• About this task
Find, in the records below, the line that contains "250th Anniversary Outdoor" and the line that contains "OPUS 50cm natur". Copy those two lines and everything between them exactly, but not the pictures.

• Material shown
******************************

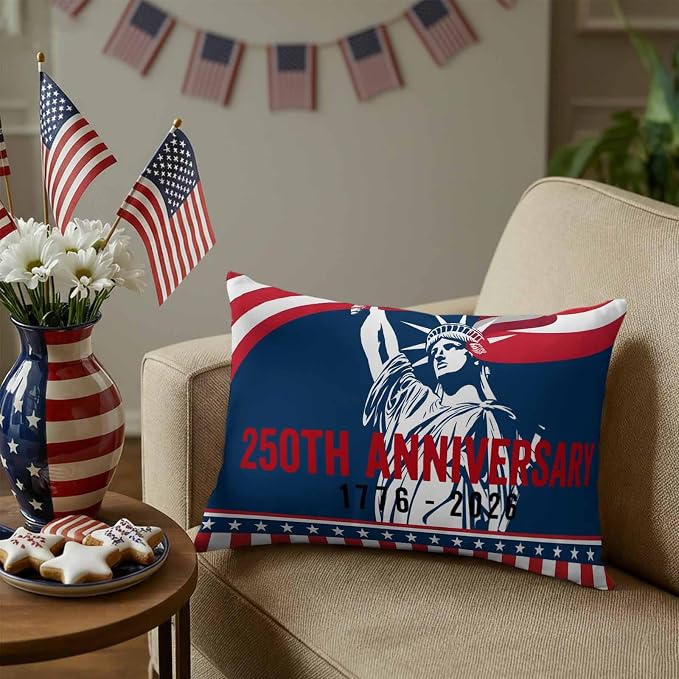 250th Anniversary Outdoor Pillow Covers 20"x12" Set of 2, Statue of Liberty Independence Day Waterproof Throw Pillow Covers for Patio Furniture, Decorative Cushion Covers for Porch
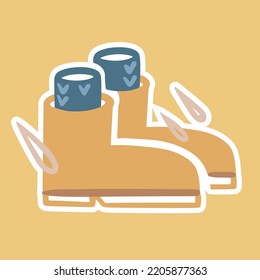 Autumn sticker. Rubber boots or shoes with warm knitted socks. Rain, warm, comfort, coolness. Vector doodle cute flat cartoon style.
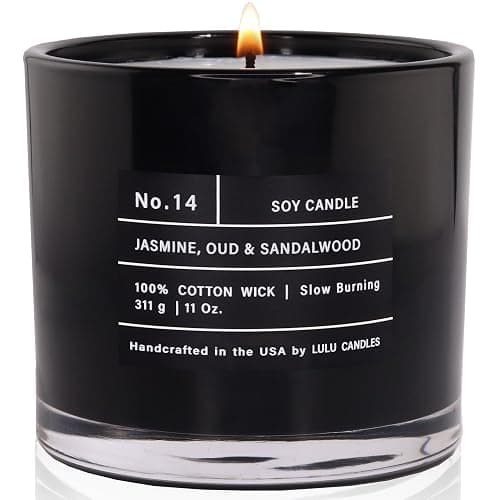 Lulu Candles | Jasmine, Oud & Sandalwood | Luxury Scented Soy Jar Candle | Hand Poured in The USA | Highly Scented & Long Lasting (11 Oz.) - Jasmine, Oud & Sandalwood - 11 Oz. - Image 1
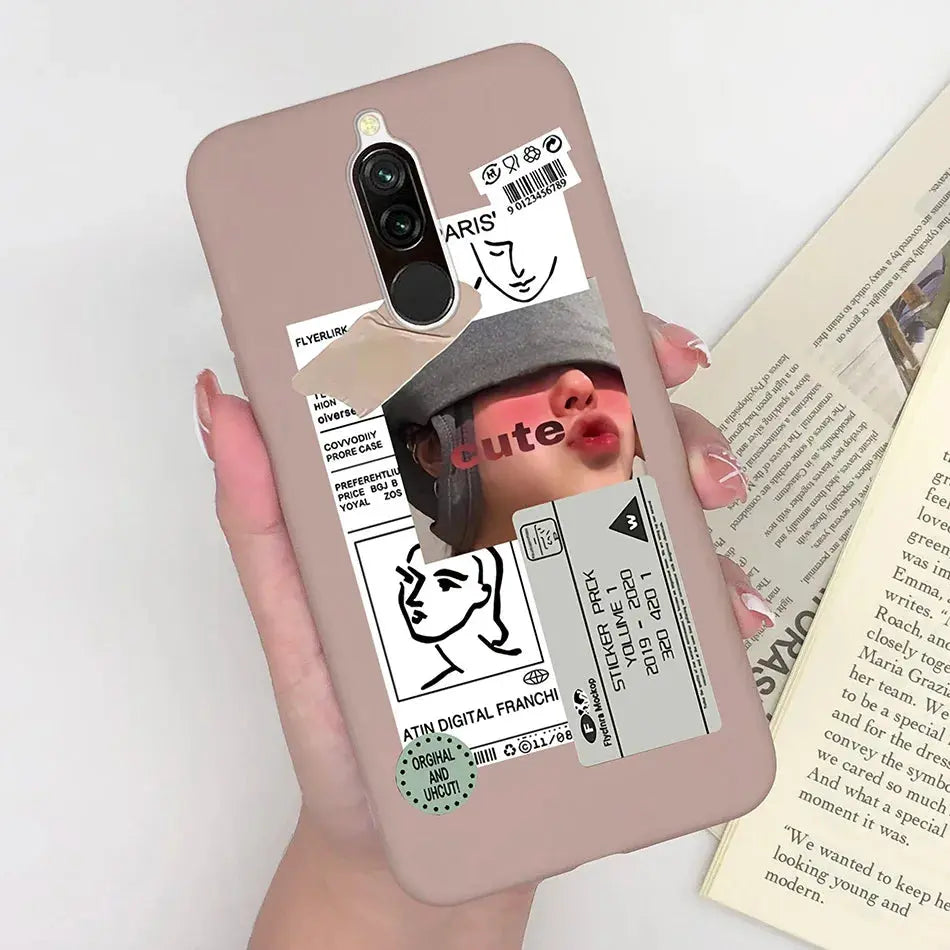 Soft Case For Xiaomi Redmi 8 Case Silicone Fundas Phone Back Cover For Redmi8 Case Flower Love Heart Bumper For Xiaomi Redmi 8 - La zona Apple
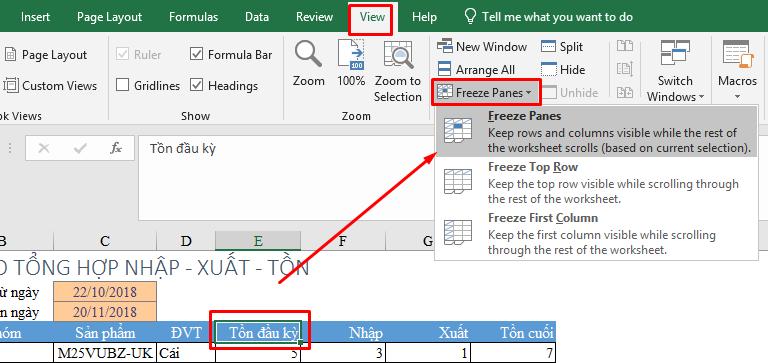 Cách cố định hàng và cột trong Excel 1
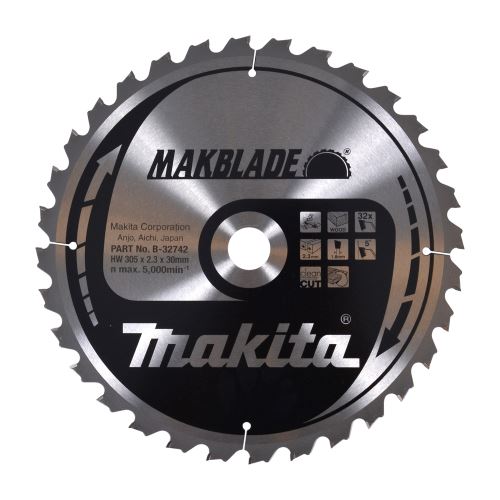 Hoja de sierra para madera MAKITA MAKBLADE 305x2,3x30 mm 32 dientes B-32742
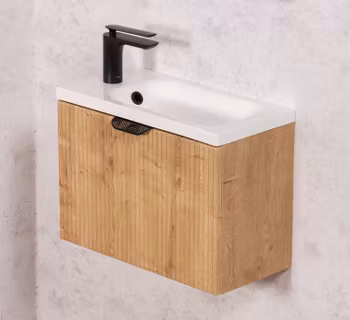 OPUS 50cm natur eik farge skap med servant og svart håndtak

******************************

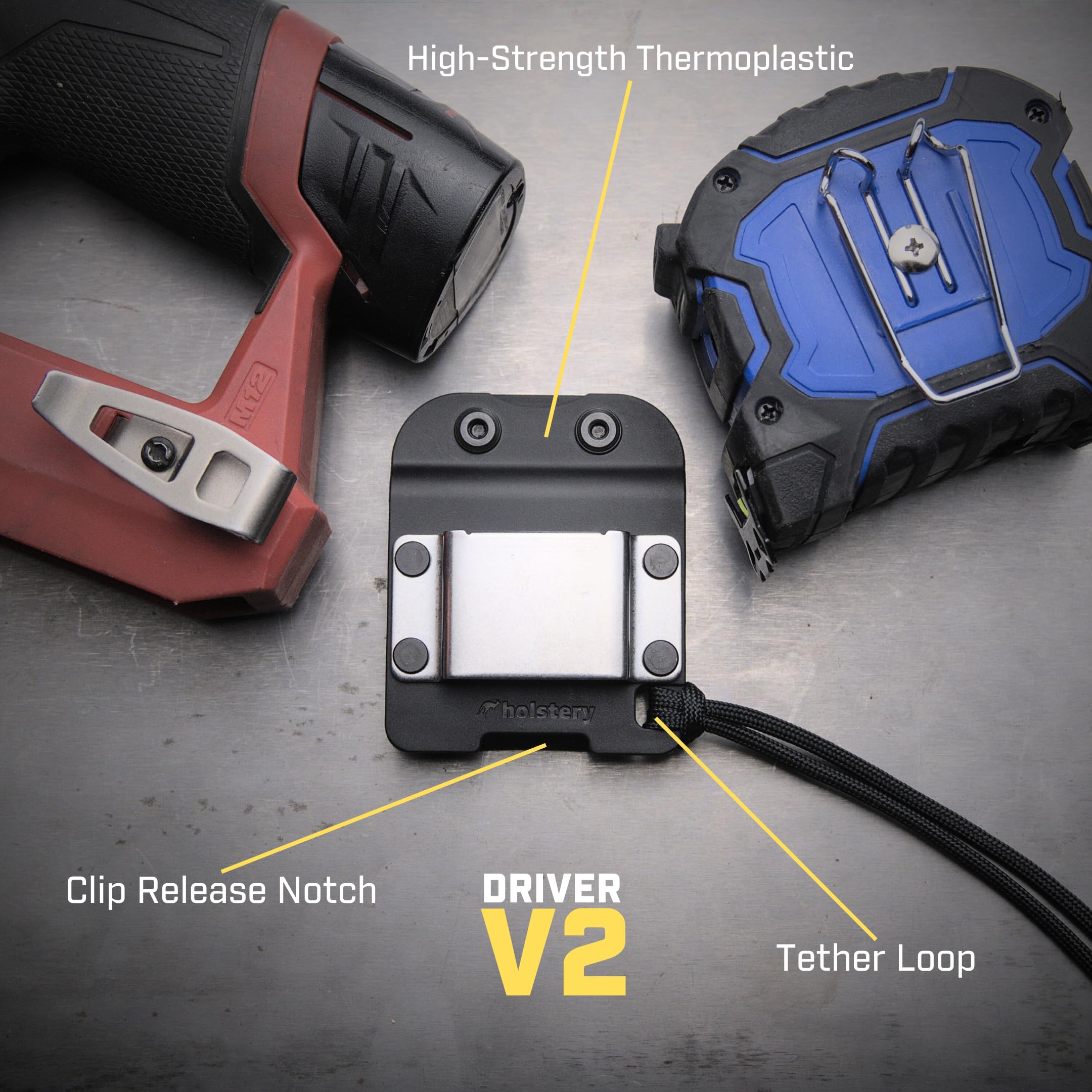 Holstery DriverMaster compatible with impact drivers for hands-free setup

******************************

• Your response
 250th Anniversary Outdoor Pillow Covers 20"x12" Set of 2, Statue of Liberty Independence Day Waterproof Throw Pillow Covers for Patio Furniture, Decorative Cushion Covers for Porch
 Autumn sticker. Rubber boots or shoes with warm knitted socks. Rain, warm, comfort, coolness. Vector doodle cute flat cartoon style.
 Lulu Candles | Jasmine, Oud & Sandalwood | Luxury Scented Soy Jar Candle | Hand Poured in The USA | Highly Scented & Long Lasting (11 Oz.) - Jasmine, Oud & Sandalwood - 11 Oz. - Image 1
 Soft Case For Xiaomi Redmi 8 Case Silicone Fundas Phone Back Cover For Redmi8 Case Flower Love Heart Bumper For Xiaomi Redmi 8 - La zona Apple
 Cách cố định hàng và cột trong Excel 1
 Hoja de sierra para madera MAKITA MAKBLADE 305x2,3x30 mm 32 dientes B-32742
 OPUS 50cm natur eik farge skap med servant og svart håndtak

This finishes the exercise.